MINNEAPOLIS — A noose hung from a newsroom ceiling has led to the firing of the news editor of the Minneapolis Community and Technical College campus newspaper.

Gabriel Keith said that when he taped it to the ceiling on Oct. 10 as a reminder for student reporters to turn in their stories on time he didn’t realize the racist implications of the noose and the memories they stir of lynchings.

 “I am definitely aware of it now,” Keith said.

Accusations have been flying, both about the incident and the college’s response. Some students find it difficult to believe Keith, 26, didn’t know what he was doing. Two student groups rallied last week to express outrage.

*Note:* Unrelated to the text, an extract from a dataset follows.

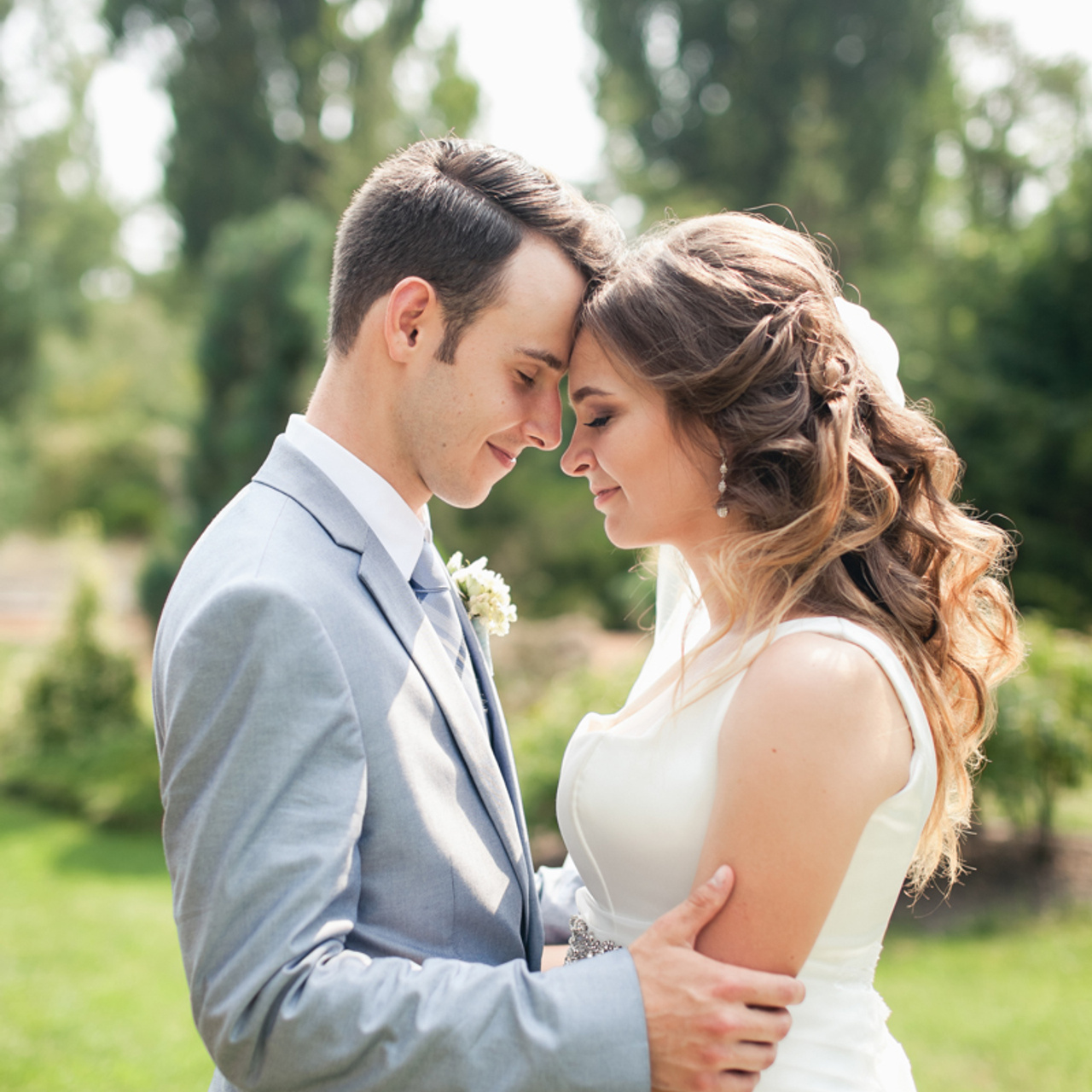 Clients. Peter Pushkin Photographer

“We are angry,” said Lisa Dean, 31, president of Associates of Black Collegians, a student group. “If we do not nip it in the bud, it will spread and a lot of students may not want to attend this college because of racism.”

Keith, who is White, said he just meant it as a joke.

Two other students in the room, both of whom are Black, said they tried to talk Keith out of doing it.

“I said, ‘It’s not a good idea, don’t hang up the noose, why not put something else up,’” said Sita Hinds, 30, the business manager for the paper.

After a few uncomfortable minutes, in which Keith said Senah Yeboah-Sampong, 22, the online editor, told him, “If you don’t take it down, I will,” Keith took it down and threw it in the trash. When the paper’s editor, Margaret Campbell, 20, who is White, learned of the incident she fired Keith.

Keith said he was unaware at the time of recent incidents, such as the nooses White high school students hung from a tree in Jena, La., last year after Black students asked to sit there.

“I heard about something to do with a noose, but I didn’t even think of it,” he said. “I don’t watch the news.”

Nonetheless, Hinds and Yeboah-Sampong filed complaints. The college investigated and found “the incident was not intended to target an individual or group of individuals based on race,” said Laura Fedock, interim associate vice president for academic and student affairs.

Earlier this year at Macalester College in St. Paul, college officials condemned an incident at a campus house party where a student in blackface wore a noose around his neck, accompanied by a student dressed as a Ku Klux Klan member.

This fall, Hamline University in St. Paul suspended six football players from the team for wearing blackface and dressing as African tribesmen during an off-campus Halloween party.